I opened a case with NetApp support. The only suggestion I got was to change my MTU on the filers. The MTU is currently set to 9000 on the iSCSI VIF and that's what we're using for snapmirror replication. Again, this worked perfectly fine until the Steelheads were enabled on a different network.

Here are the errors I'm seeing:

On my destination filer:

recover.abort.ROOLR:notice]: The abort event, snapmirror: Cannot Init

NTM, aborting , is just notified.

On my source filer:

replication.src.err:error]: SnapMirror: source transfer from

x to x : transfer

failed.

Has anyone else seen anything like this?

17 REPLIES 17

AGUMADAVALLI
9,754 Views

It is not at all netapp snapmirror issues, it is all about your steelhead appliance, you need to tweak it to work with your network. Make sure the it talks on all necessary ports of snapmirror using the telnet.

thank you,

AK G

PIPERONTAP
9,755 Views

AK G, the snapmirror traffic isn't traversing the Steelheads. It's on a separate network.

scottgelb
9,755 Views

does traceroute from the target to source and vice-versa go over the expected network?  routing in 7-mode can be interesting and some unexpected routes unless we route add net for the dedicated snapmirror network.  You probably already checked, but just to make sure it is going over the expected network and if so fixed with a route add net.

PIPERONTAP
9,755 Views

Yes, the traffic is flowing just as expected.

scottgelb
9,755 Views

Is options snapmirror.allow set to a hostname with a different IP address?  Does changing the setting to "*" or "all" let it work?  Just to test then you can put the IP of the source controller.

PIPERONTAP
9,755 Views

I have snapmirror.allow set to *. The filers are talking to each other on the correct network and IPs, but the initial transfer fails with a generic network error. Not surprisingly, NetApp support has been of no help. All the tech wants to do is close the ticket. That's why I'm posing the question here.

christin
9,755 Views

Hi Ben,

I'm sorry to hear that you are not able to resolve your issue with NetApp Support. Please send me a private message with the case number and I will look into it.

Thanks,

Christine

PIPERONTAP
9,754 Views

The NetApp tech has gone silent. He intimated that snapmirror is sensitive to any network delays or problems. I know for a fact that this is false. I have run snapmirror on saturated, high-latency networks with no problem. Either the tech I got assigned to doesn't know the product, or Snapmirror is just not ready for prime-time. At this point, I'm starting to suspect both.

scottgelb
9,754 Views

Sorry to hear you didn't get a response... it may be worth a call back and ask for the Duty Manager and escalate...most cases get handled just fine, but as NetApp grew to 6 Billion there can be some growing pains.  SnapMirror has been at many of our customers for many years (about 12 years doing this) and can vouch for the production quality of SnapMirror.  Hopefully support can escalate and quickly solve this issue.  The NetApp and/or VAR team may be able to help escalate as well and start packet traces that escalations can look at to see the issue.

PIPERONTAP
7,657 Views

Then there's no excuse for a tech not to have enough knowledge of Snapmirror to assist in troubleshooting. We pay for support to get support, not to waste time hounding NetApp just to get to a person who actually knows enough to help. The tech's name is David Cook. The takeaway here is that you get better support from NetApp forums than you do from NetApp support. My suggestion is to save your money and pay a third-party for support.

allison
7,657 Views

Ben, it was another user, not a Netapp employee that marked your response to be moderated.  I have sent you a message on why the comment was flagged. Please let me know if have any other questions or concerns.
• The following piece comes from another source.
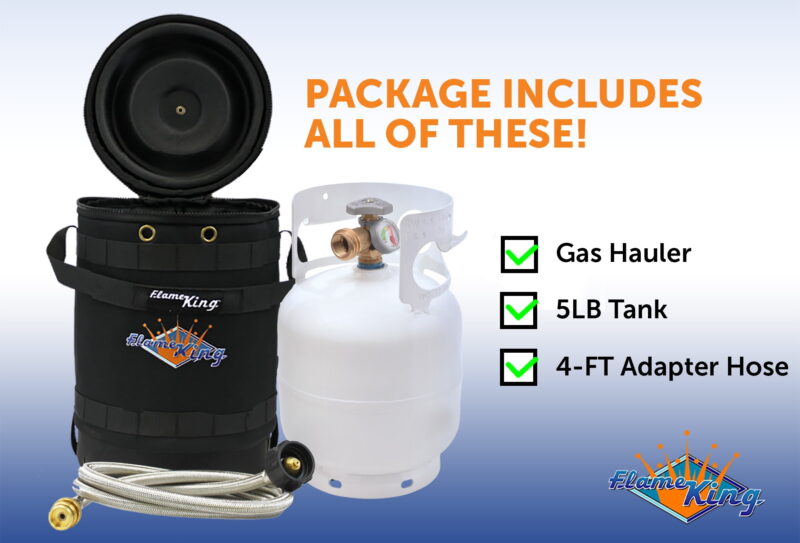 Flame King Gas Hauler Pro Kit - Insulated Protective Carry Case, 5lb Propane Tank with Built-in Gauge and 5-ft Adapter Hose for Camping and Outdoor Adventures - Image 4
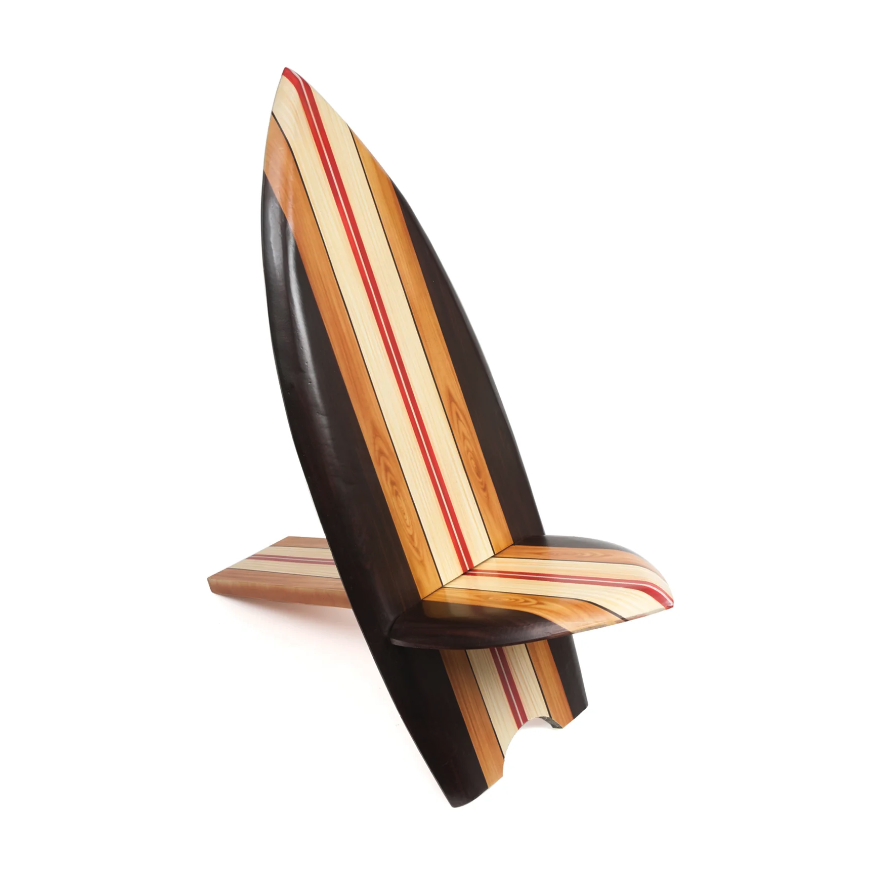 Surfboard chair with red, white, oak, and black colors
We do appreciate and listen to our customers' feedback.

greghaa69
7,657 Views

I know this is old but I am in a similar boat.  We have filers connection over 2 100 mbit WAN connections.  I setup all of our SM relationships from a number of prod filers in California to a set of DR filers in Atlanta.  Problem I am seeing is random.  Some volumes will initialize and stay synced without any issue.  Other volumes will start to transfer and get some amount of the way transferred and will then just hang there.  It will sit in state "transferring" forever until I kill it.  NetApp support has told me it is a bandwidth issue, but I successfully transferred a 40 GB volume in about 2 hours.  Yet still, other volumes on the same filer will not transfer.  I have been through 3 or 4 techs now and they cannot solve it. 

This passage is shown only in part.